Supplied entries —

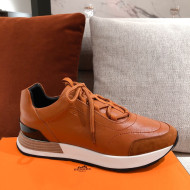 Hermes Patchwork Sneakers Brown 2021 06 (For Women and Men)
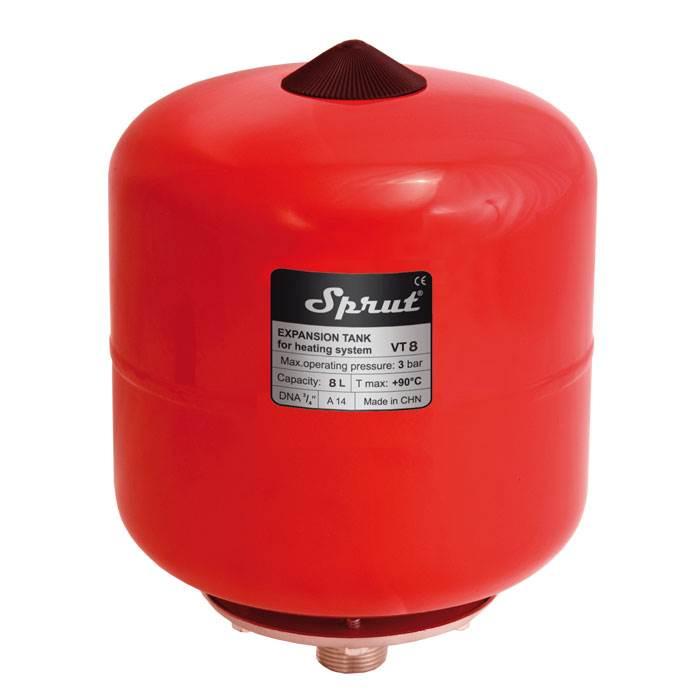 Розширювальний бак для систем опалення Sprut VT8 циліндричний, фото 1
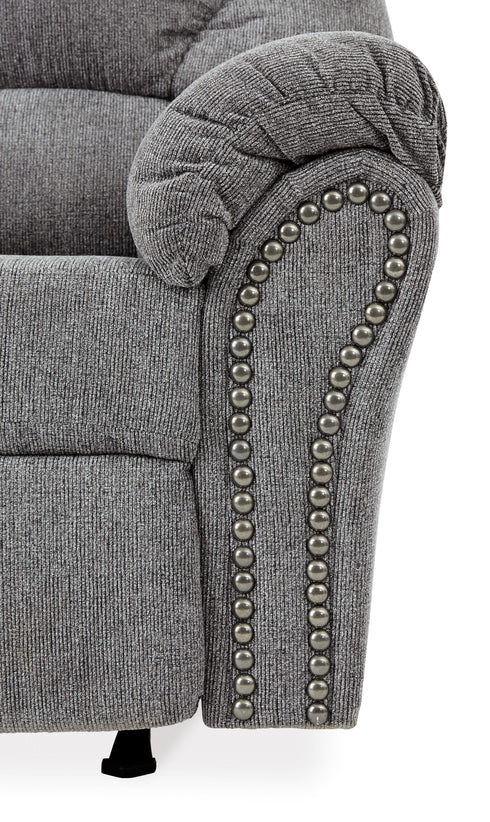 Allmaxx Pewter Rocker Recliner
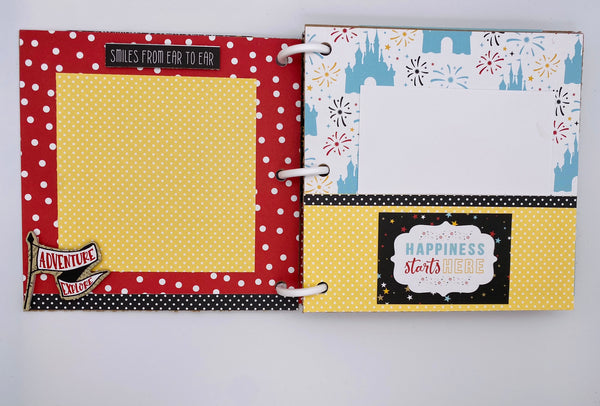 Premade Disney Scrapbook Photo Album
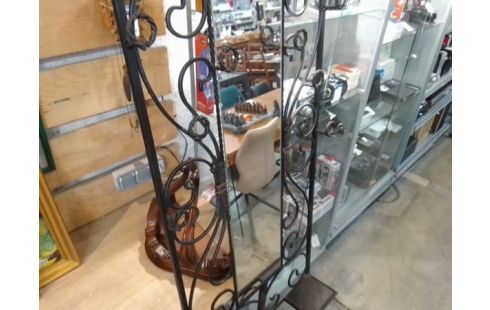 VESTIAIRE FER FORGE MIROIR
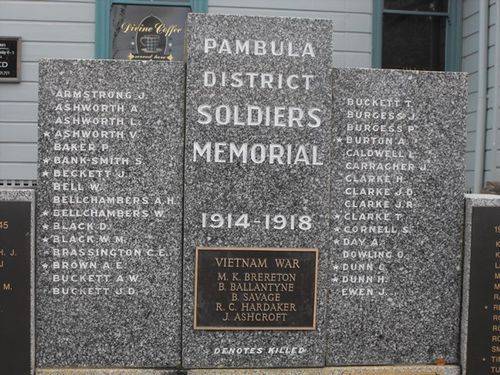 Pambula District Soldiers Memorial : 20-March-2011 Pambula District Soldiers Memorial : 20-March-2011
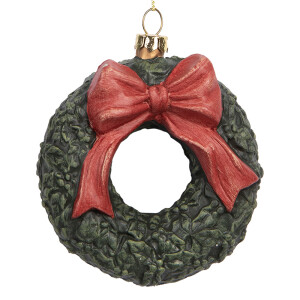 Set 2 ornamente brad Craciun polirasina multicolora 9x4x11 cm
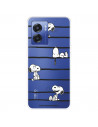 Funda para Oppo A77 5G Oficial de Peanuts Snoopy rayas - Snoopy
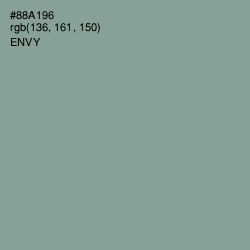 #88A196 - Envy Color Image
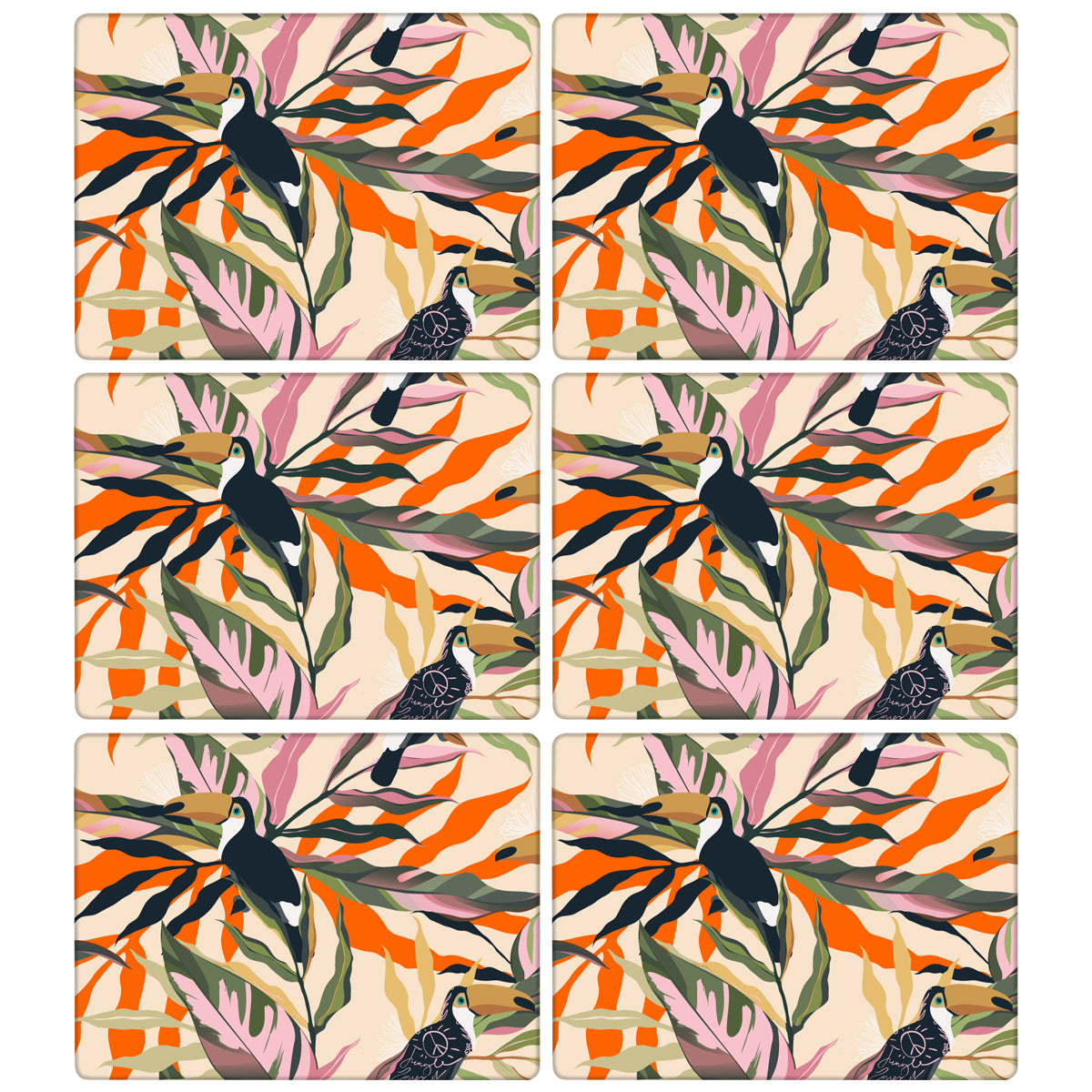 Placemats Toucan | Set of 6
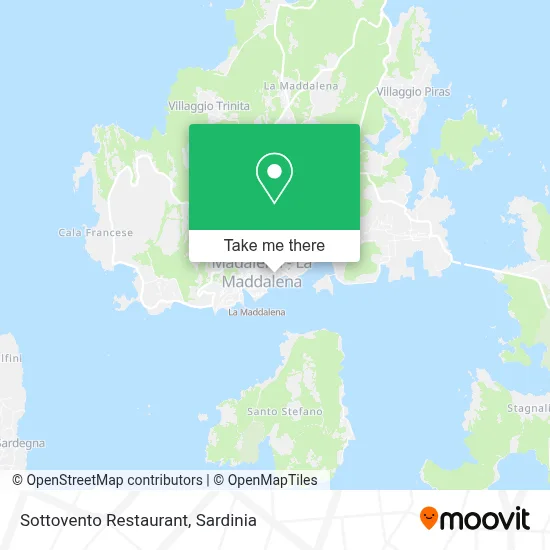 Sottovento Restaurant map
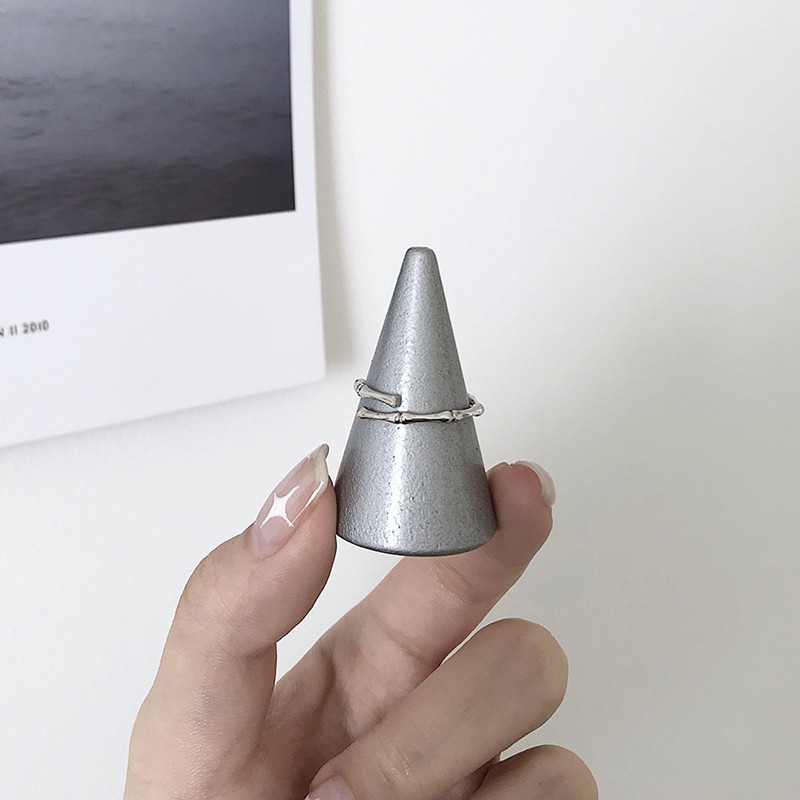 Nhẫn thiết kế kiểu dáng đơn giản phong cách Hàn Quốc B74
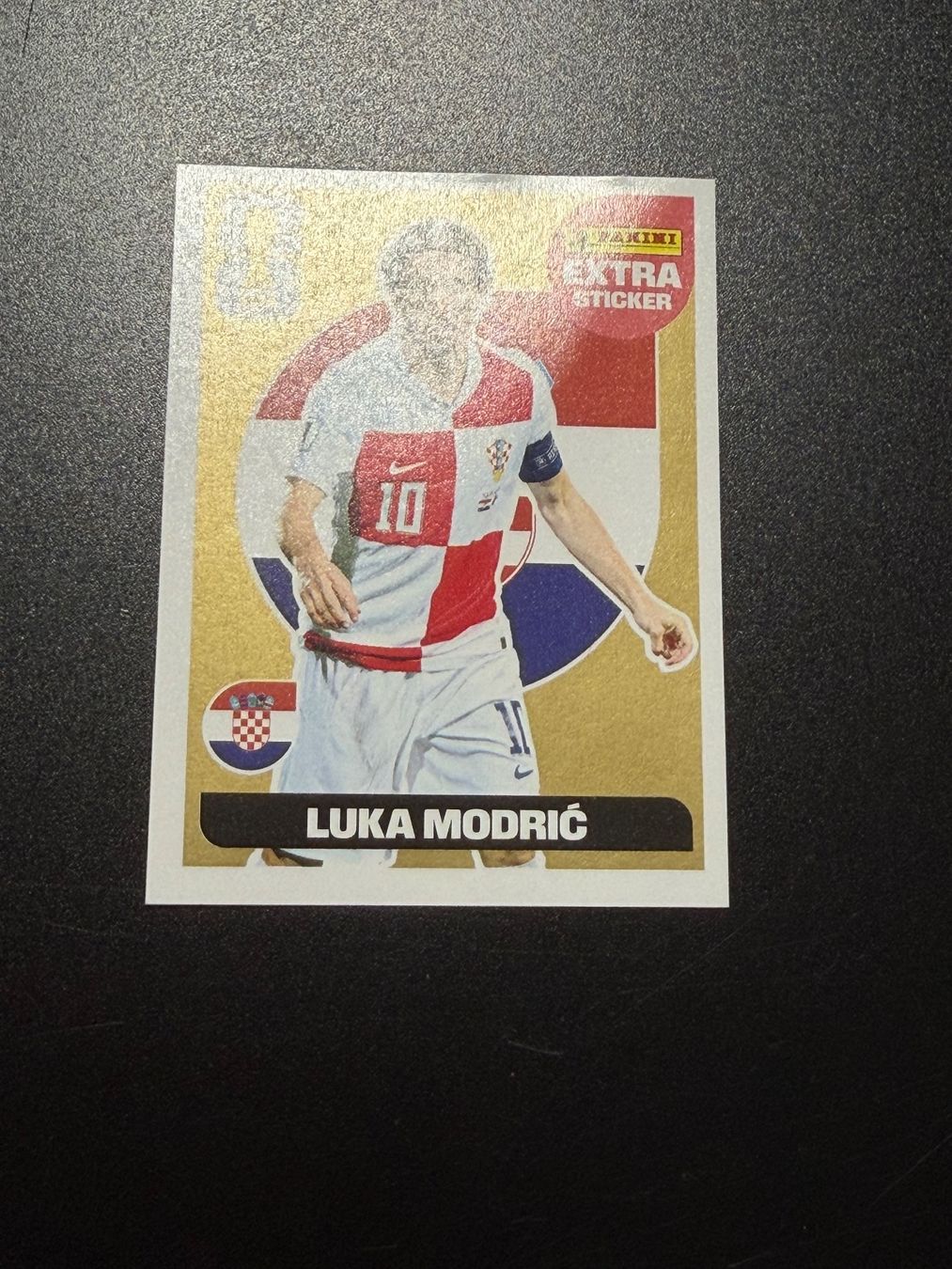 Panini Carte collezionabili: Extra sticker OR // Panini // LUKA MODRIĆ – Nuovo e nell'imballaggio originale da Cheyres venduto da Floflo1468 1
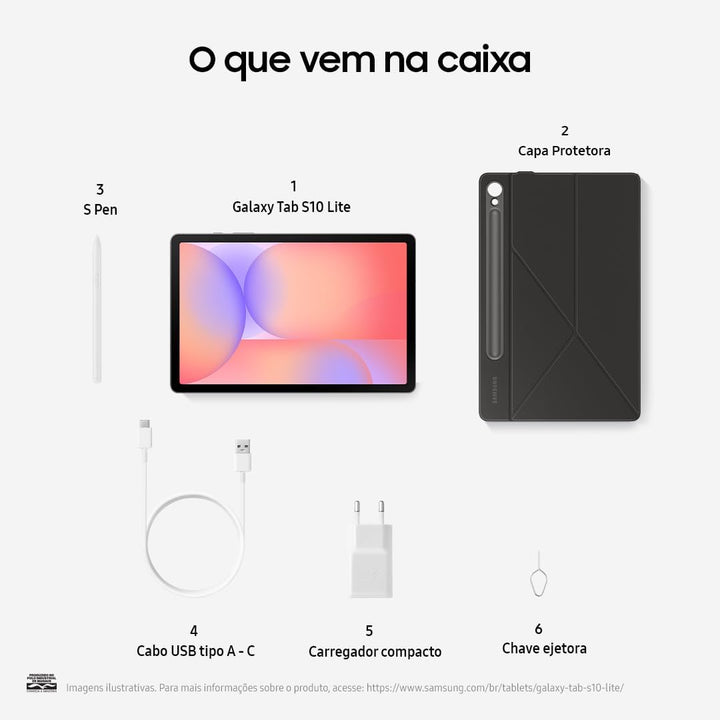 SAMSUNG Galaxy Tab S10 Lite mit S-Pen, 128 GB, 6 GB RAM, nur WLAN, 11 Zoll 90 Hz LCD, Android 15 WiF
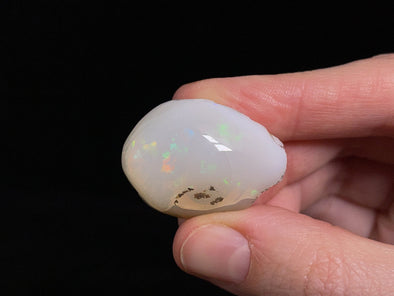 OPAL Raw Crystal - 3A-XL Polished Window - Raw Opal Crystal, October Birthstone, Welo Opal, 45308-Throwin Stones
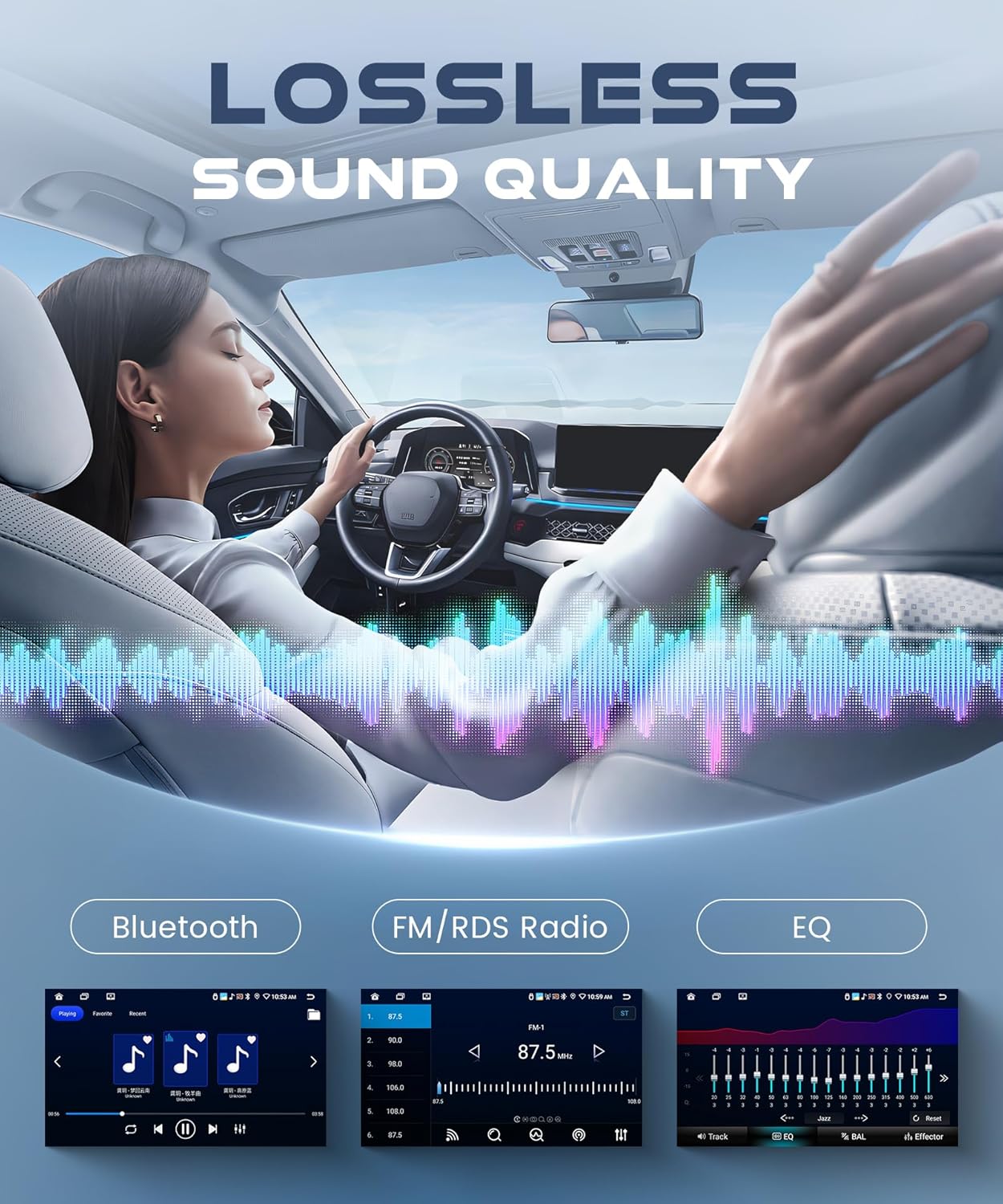 Rimoody 4G 64G Android 15 Car Stereo for Dodge Grand Caravan 2008-2020 Chrysler Town & Country 2011-2016 Wireless Carplay Android Auto, 9'' Touchscreen GPS FM/RDS 32EQ BT5.0 5G-WiFi Backup Camera SWC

Task prompt — Starting at the line containing "Allmaxx Pewter Rocker Recliner" and finishing at the line containing "Set 2 ornamente", return those lines exactly as they appear above, without the pictures.

Response area —
 Allmaxx Pewter Rocker Recliner
 Premade Disney Scrapbook Photo Album
 VESTIAIRE FER FORGE MIROIR
 Pambula District Soldiers Memorial : 20-March-2011 Pambula District Soldiers Memorial : 20-March-2011
 Set 2 ornamente brad Craciun polirasina multicolora 9x4x11 cm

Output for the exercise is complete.